My duffel bag arrived first and the old man struggled to pull it off the carousel. Just the week before, an off-duty pilot sitting in the cockpit had attempted to crash a plane. The plane had made an emergency landing right here in Portland. “I saw them when they took him out and cuffed him,” the old man said. We both agreed it was a horrifying story. By this time the carousel was empty and the old man went to talk to the attendant. “That’s all of it,” he said. I asked about my scooter and he once again talked to the attendant, then wheeled me over to lost and found, which was a very narrow little room stuffed with bags. A weary woman took my information and filed a report. She told me it should arrive the next morning. I sat there trying not to scream
The old man wheeled me out to the curb, where I called my friend who was picking me up. 
    I spent the next day calling and texting the airline but got nothing but automated messages telling me they were still searching for my baggage. United Airlines had experienced record profits this year. Its CEO took home ten million dollars. 
    I had an appointment with a new therapist that afternoon, so I took my crutches and slowly made my way across town. The therapist was nice and I enjoyed babbling on to her about myself but the appointment was barely 40 minutes and she said she couldn’t see me again for another six weeks. 
I made my way home and after hours of texting was told that my scooter would be on the nine o’clock flight.
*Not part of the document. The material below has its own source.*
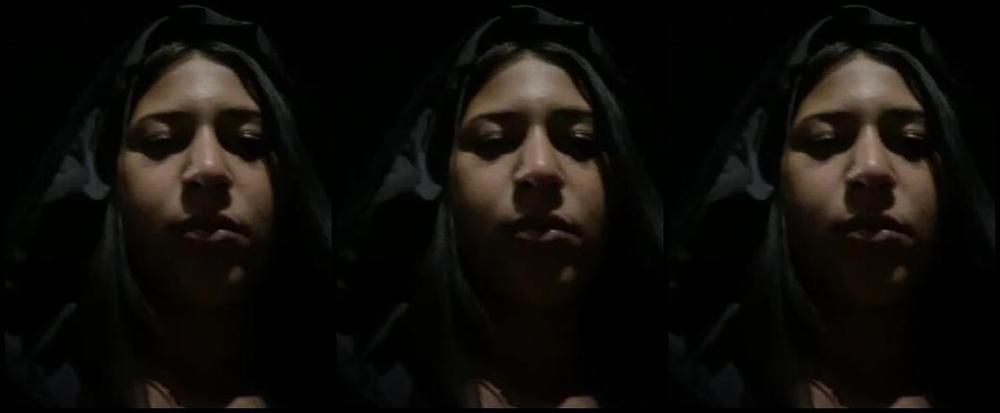 "Vidiverse" amateurcouple, bouncingboobs, milf, nuditynaked, publicoutdoor walking in the park naked at night Milf manyvids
At ten someone called me saying it would be delivered to my apartment by eleven. By midnight I gave up and started drifting off to sleep, when I got a text saying there were only two deliveries before mine and that a man named Edwin should be there by one. At one I got a text from Edwin saying he would be there at 1:30. At 1:30 he texted again to say he would be there in fifteen minutes. At this point I could barely keep my eyes open, and to keep from missing him, I hobbled down and leaned against the front of my building with my crutches to wait. At 1:45 a car came tearing up the road, screeched to a halt, and a man jumped out. 
“You waiting for a mobility thing?” he yelled. I said yes and asked if he was Edwin. Without answering he pulled my scooter from the trunk, set it on the curb, and sped off. 
I had another doctor appointment the next day, and when I got home from it I unpacked the leaves and ribbons and lights and that night Harvest Lightning sped through the rain, flying through the dark until she hit a crack in the sidewalk and nearly pitched over and after that I slowed the fuck down.